**Problem**
Of all the lines in the entries below, give again exactly those starting at the line containing "THUG LIFE Knitted Beanie" and ending at the line containing "Yellow Pretzel Illustrations", both ends included, and no others.

**Exercise data**
----------

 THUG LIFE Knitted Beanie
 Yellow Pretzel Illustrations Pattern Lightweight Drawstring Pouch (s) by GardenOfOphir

----------

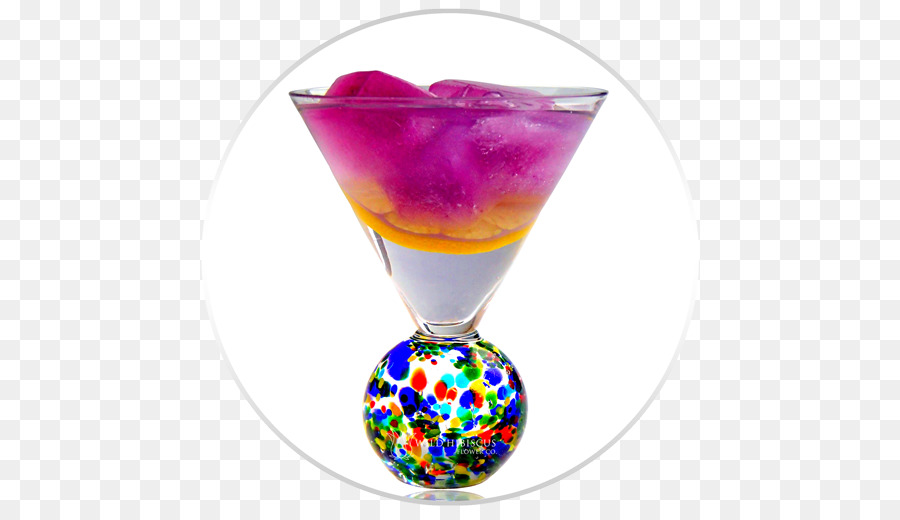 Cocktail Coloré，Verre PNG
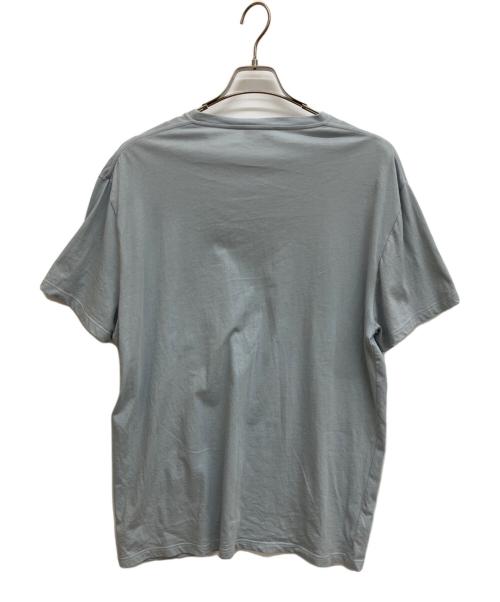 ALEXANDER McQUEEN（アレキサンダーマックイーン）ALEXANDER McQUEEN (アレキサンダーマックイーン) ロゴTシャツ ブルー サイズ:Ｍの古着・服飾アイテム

----------

**Reply**
 THUG LIFE Knitted Beanie
 Yellow Pretzel Illustrations Pattern Lightweight Drawstring Pouch (s) by GardenOfOphir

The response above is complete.